* Work to complete *
Every line below needs to be printed again exactly, without any of its pictures.

* Data section *

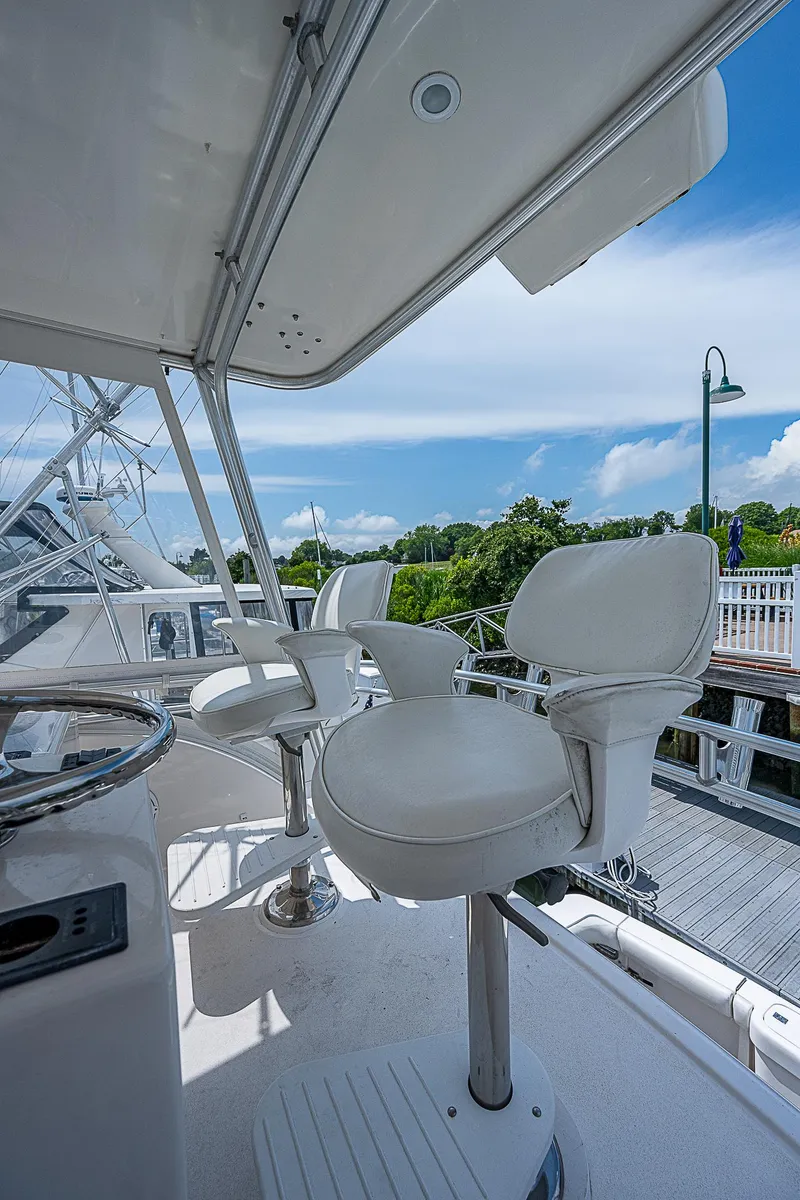 Slide: The Image of 2005 Bertram 450 Convertible yacht with white captain chairs and scenic marina view. - 36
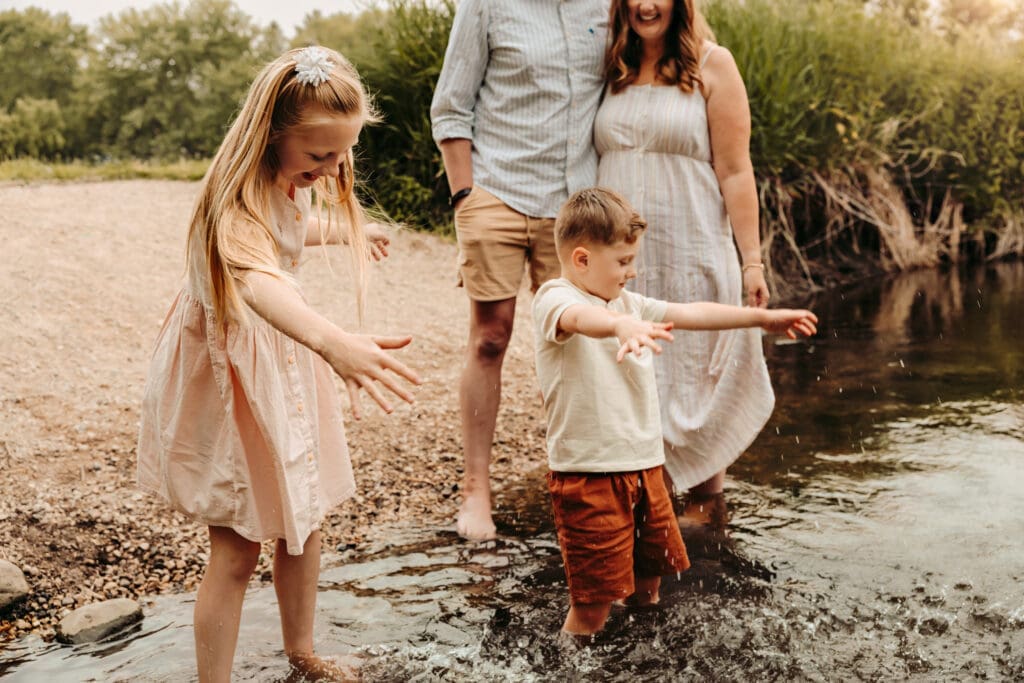 family of 4 playing in the creek during photo session over summer.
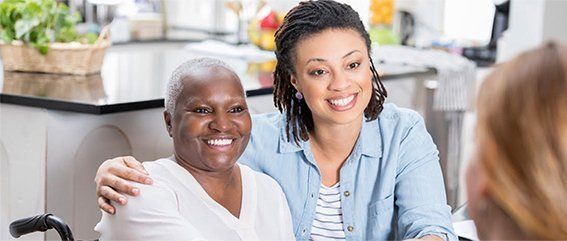 A woman is sitting next to an older woman in a wheelchair.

* Response for this exercise *
 Slide: The Image of 2005 Bertram 450 Convertible yacht with white captain chairs and scenic marina view. - 36
 family of 4 playing in the creek during photo session over summer.
 A woman is sitting next to an older woman in a wheelchair.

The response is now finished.